------ DATA SECTION ------
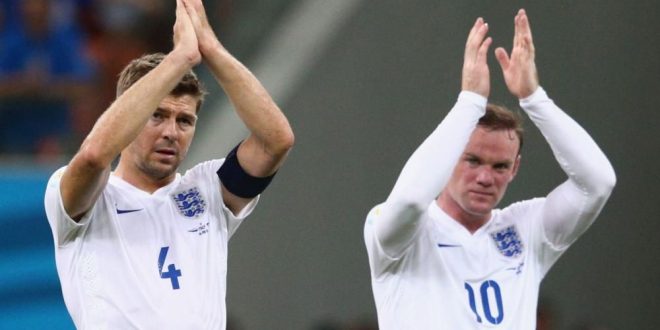 Wayne Rooney and Steven Gerrard applaud England fans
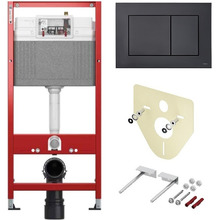 Инсталляция Tece TECEbase 2.0 9400414 для унитаза с Черной матовой клавишей смыва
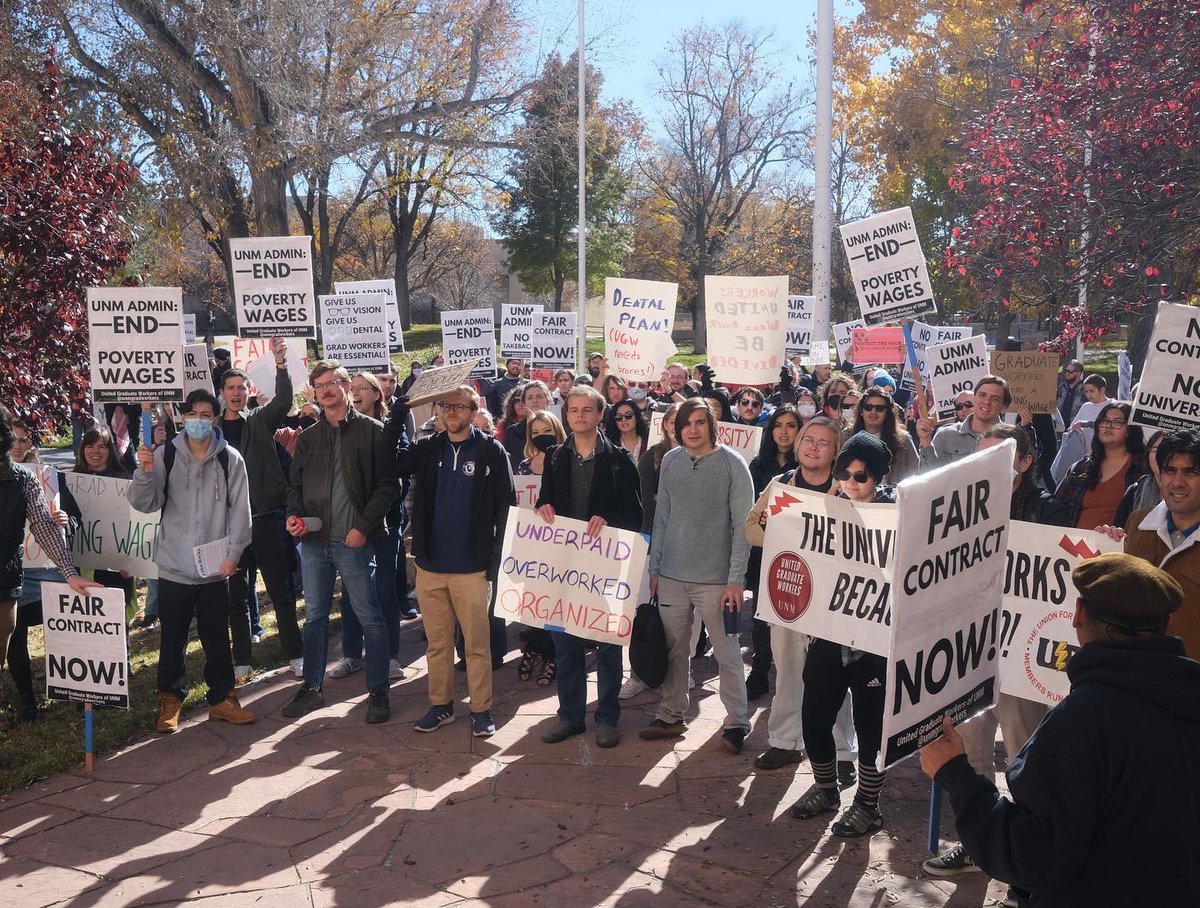 UE (@ueunion) on Twitter photo Grad workers at both UNM & NMSU have ratified 1st contracts. w/ overall raises of 7.12% & 6.8%, respectively, going into effect in the next semester, these workers have started on a strong path towards making their universities a better place for all ✊ <a href="/unmgradworkers/">UNM Grad Workers</a> <a href="/NMSUfight/">NMSU Grad Workers United</a> Grad workers at both UNM & NMSU have ratified 1st contracts. w/ overall raises of 7.12% & 6.8%, respectively, going into effect in the next semester, these workers have started on a strong path towards making their universities a better place for all ✊ <a href="/unmgradworkers/">UNM Grad Workers</a> <a href="/NMSUfight/">NMSU Grad Workers United</a>
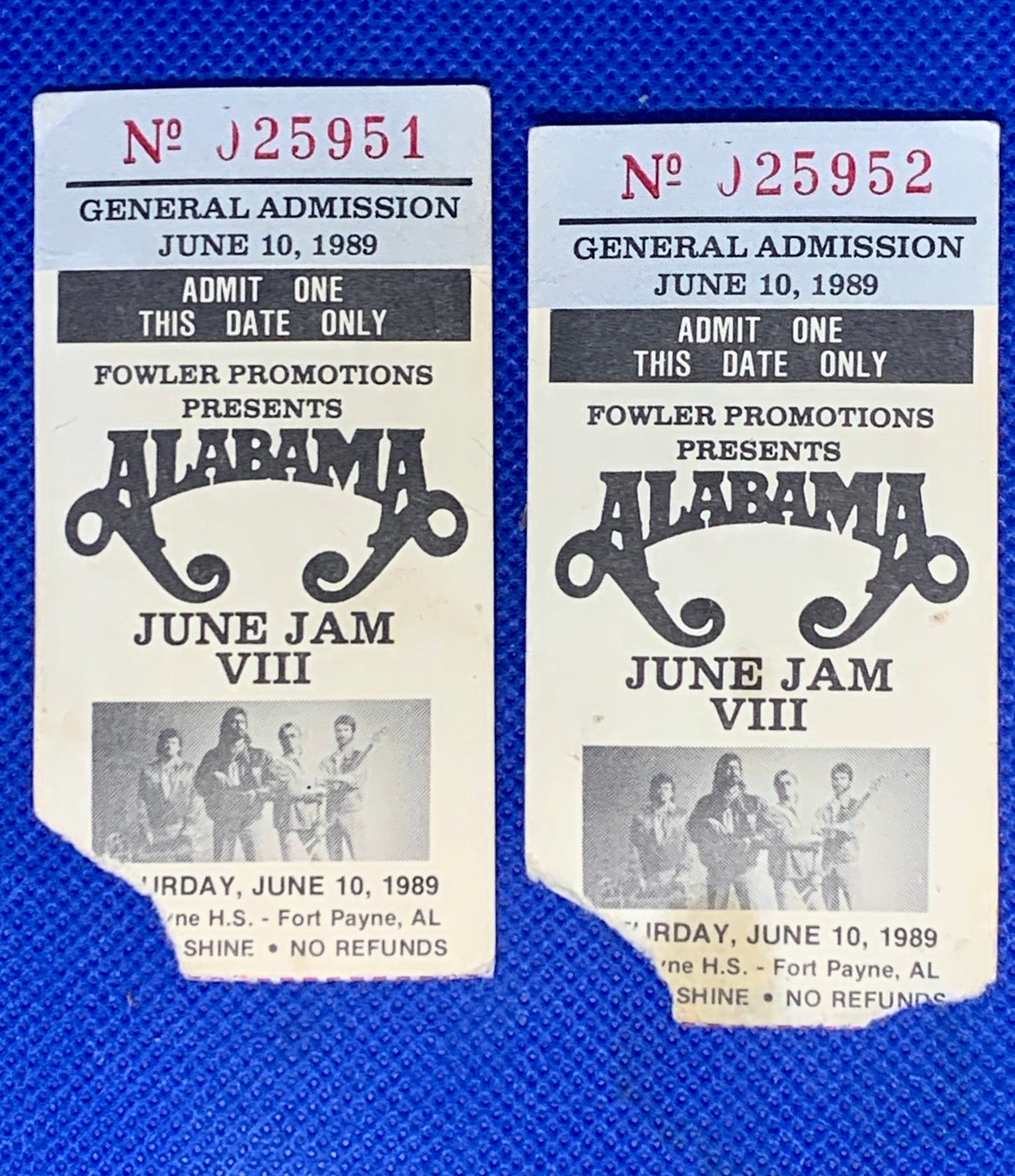 Alabama June Jam VIII 8 1989 Concert Ticket Stub Vintage Etsy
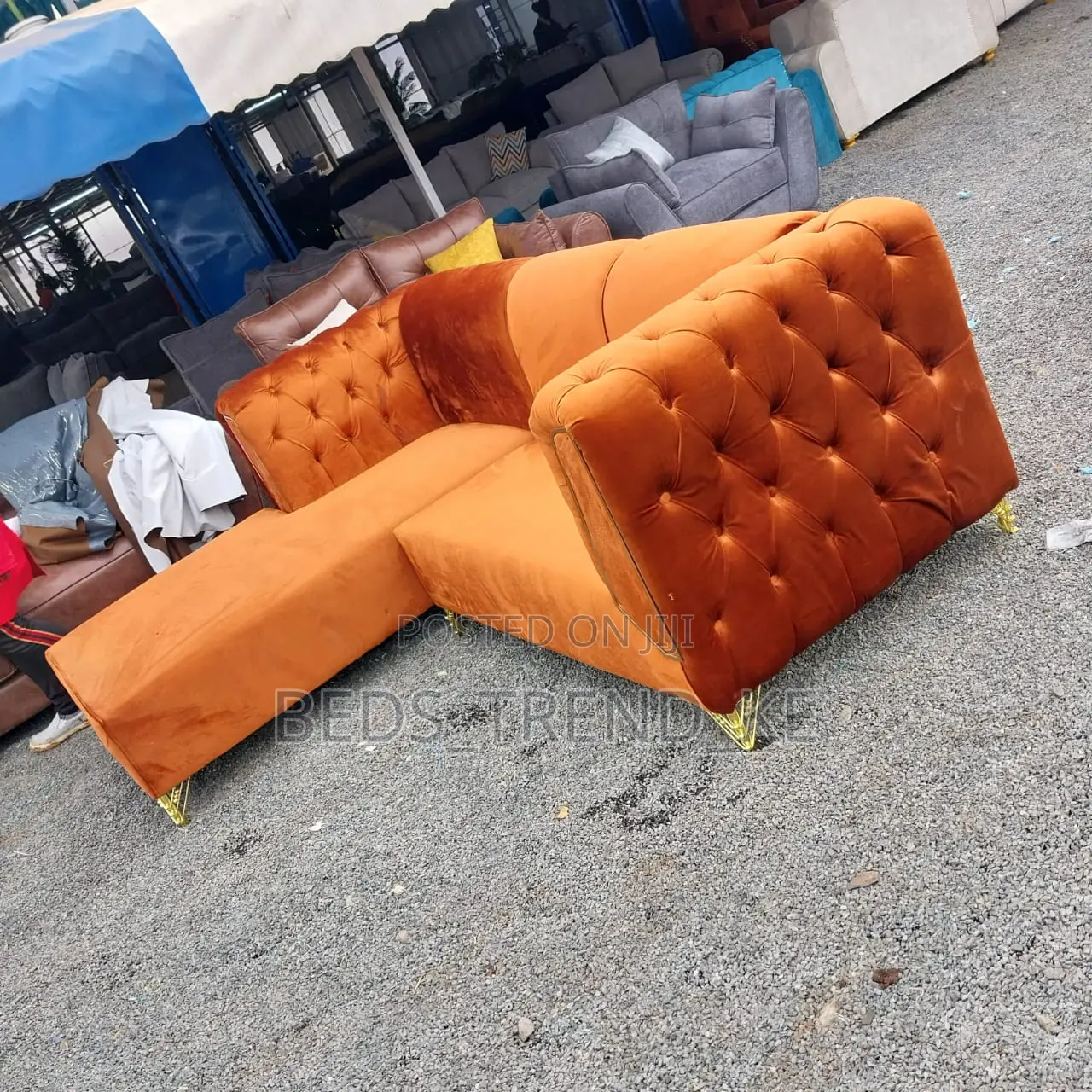 Cozy Brown 6 Seater Chester L Seat Sofa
------
_THE TASK_:
Quote all of the entries word for word, omitting any pictures.

_SOLUTION TO THE PROBLEM_:
 Wayne Rooney and Steven Gerrard applaud England fans
 Инсталляция Tece TECEbase 2.0 9400414 для унитаза с Черной матовой клавишей смыва
 UE (@ueunion) on Twitter photo Grad workers at both UNM & NMSU have ratified 1st contracts. w/ overall raises of 7.12% & 6.8%, respectively, going into effect in the next semester, these workers have started on a strong path towards making their universities a better place for all ✊ <a href="/unmgradworkers/">UNM Grad Workers</a> <a href="/NMSUfight/">NMSU Grad Workers United</a> Grad workers at both UNM & NMSU have ratified 1st contracts. w/ overall raises of 7.12% & 6.8%, respectively, going into effect in the next semester, these workers have started on a strong path towards making their universities a better place for all ✊ <a href="/unmgradworkers/">UNM Grad Workers</a> <a href="/NMSUfight/">NMSU Grad Workers United</a>
 Alabama June Jam VIII 8 1989 Concert Ticket Stub Vintage Etsy
 Cozy Brown 6 Seater Chester L Seat Sofa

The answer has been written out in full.